The tutorial presents a rigorous formulation of the anomaly-detection problem that fits with many imaging scenarios and applications. The tutorial describes, by means of illustrative examples, the most important anomaly-detection approaches in the literature, and their connection with the machine-learning perspective of semi-supervised and unsupervised learning/monitoring. Special emphasis will be given to anomaly-detection methods based on learned models, which are often adopted to handle images and signals. In particular, these will be divided into traditional models (including dictionaries yielding sparse representations) and deep learning models. The tutorial is accompanied by various examples from our research projects where we applied anomaly-detection algorithms to solve real world problems: visual quality inspection for monitoring chip and nanofiber production.

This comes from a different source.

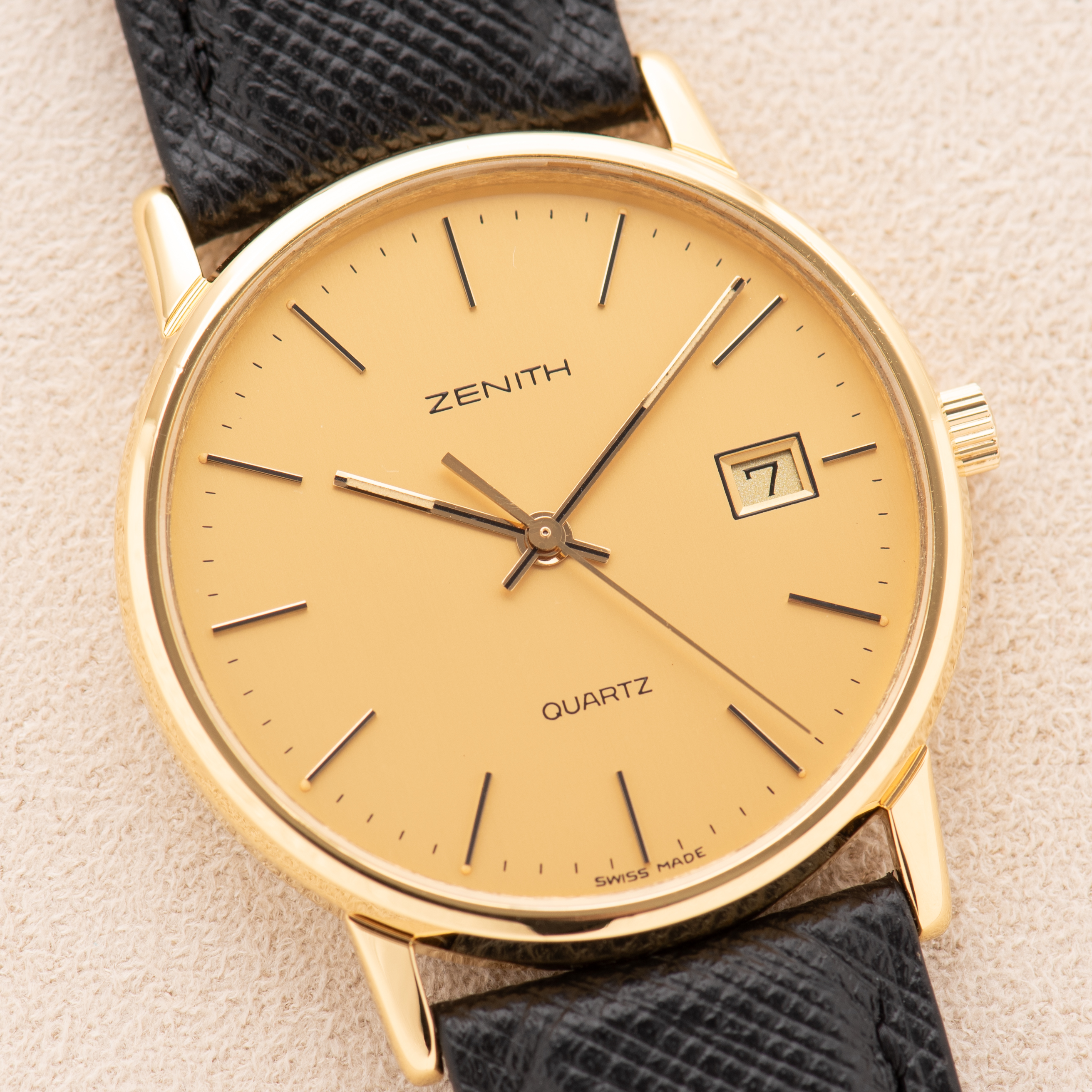 View of Zenith Quartz Date GoldPlated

Giacomo Boracchi is an Associate Professor of Computer Engineering at Dipartimento di Elettronica, Informazione e Bioingegneria of the Politecnico di Milano, where he also received the Ph.D. in information technology (2008), after graduating in Mathematics (Università Statale di Milano, 2004). His research interests concern image processing and machine learning, and in particular image restoration and analysis, change/anomaly detection, domain adaptation. Since 2015 he is leading industrial research projects concerning algorithms for X-ray inspection systems for airport security, automatic quality inspection systems for monitoring silicon wafer production (the system developed with STMicroelectronics is currently analyzing wafer production over different sites), and outlier detection in web-sessions.He is currently associate editor for IEEE Transactions on Image Processing and server as AE for IEEE Computational Intelligence Magazine and in a few special issues. In 2015 he received an IBM Faculty Award, in 2016 the IEEE Transactions on Neural Networks and Learning Systems Outstanding Paper Award and in 2017 the Nokia Visiting Professor Scholarship. He has held tutorials in major IEEE conferences: ICIP 2020, ICASSP 2018 and IJCNN 2017, 2018.